Our goal in this paper is to examine whether there are similar patterns in the distribution of tree canopy by HOLC-graded neighborhoods in other cities. These analyses are possible because redlining was a national process, initiated by the Federal government in collaboration with state and local governments. It was a practice that was spatially-explicit and applied to 239 cities in the same time period throughout the country. These characteristics make the practice of redlining particularly well-suited for within- and cross-city comparisons. We examined whether historic redlining is statistically associated with contemporary spatial distributions of tree canopy for a range of metropolitan areas across a spectrum of area, population, and climate. This paper assesses whether there are differences in current tree canopy cover among historic HOLC classes and whether differences among HOLC classes are consistent among cities.
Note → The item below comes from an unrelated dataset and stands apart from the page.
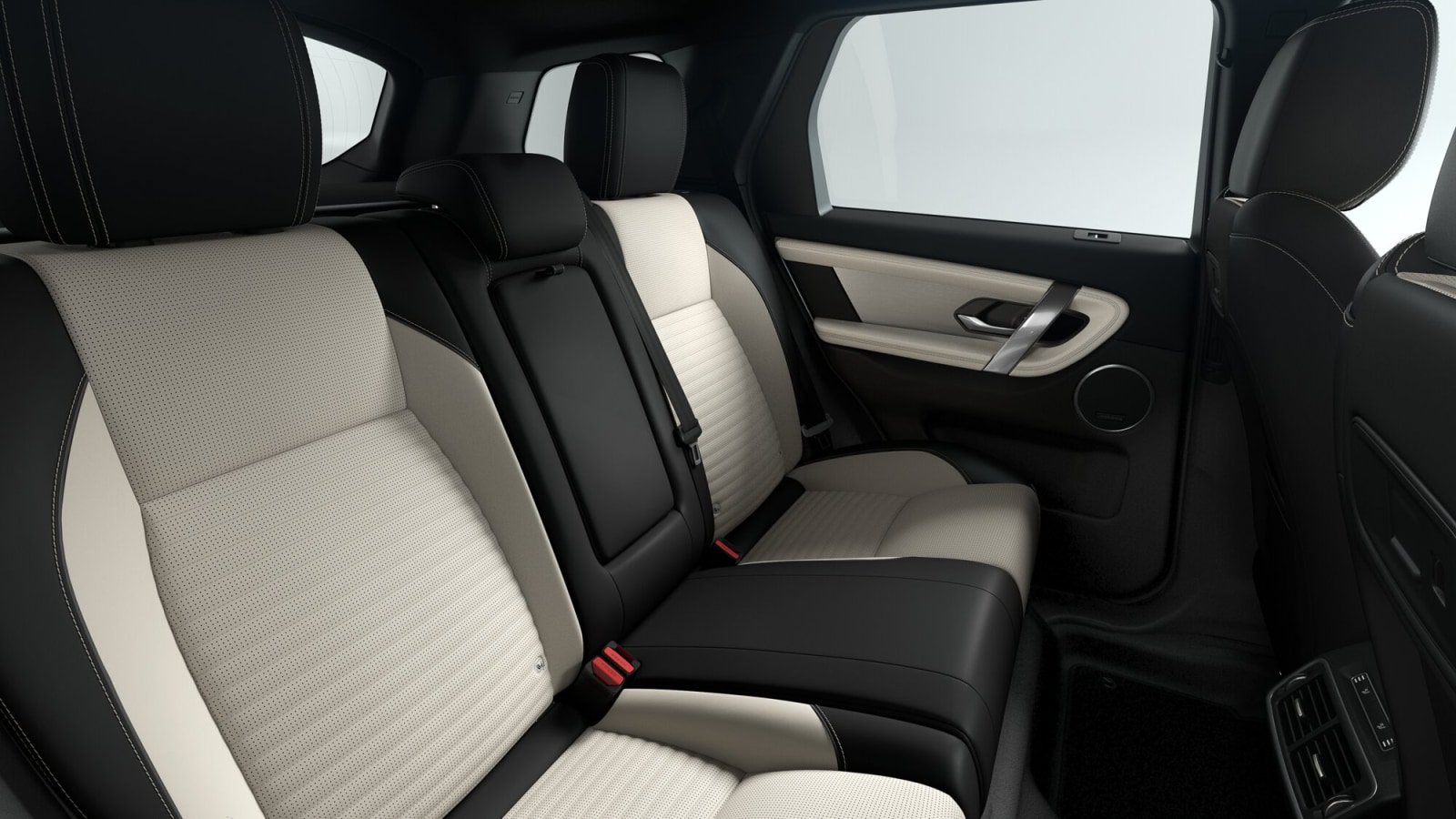 New 2026 Land Rover Discovery Sport Landmark AWD/4WD image 7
There is a strong relationship between HOLC grades and tree canopy: areas formerly graded D have 21 percentage points less tree canopy than areas formerly graded A. One-way ANOVA showed significant differences in tree canopy by HOLC grade [F(3, 3184) = 253.9, p < 0.001]. Post hoc comparisons using the Tukey HSD test indicated that the same hierarchical ranking system used by HOLC to assess loan risk in the 1930s is paralleled by the rank order of average percent tree canopy cover today. Areas formerly graded D have significantly less tree canopy (M = 20.9 percentage points, SD = 12.2), than areas graded C (M = 24.6, SD = 10.9), B (M = 32.4, SD = 13.8), or A (M = 41.1, SD = 14.7). All six pairwise combinations were significantly different at the p < 0.0001 level. The same model was re-fit as a linear regression so that areas graded A are the reference, with differences in means as estimated coefficients, as a baseline model (Table 1, Model 1).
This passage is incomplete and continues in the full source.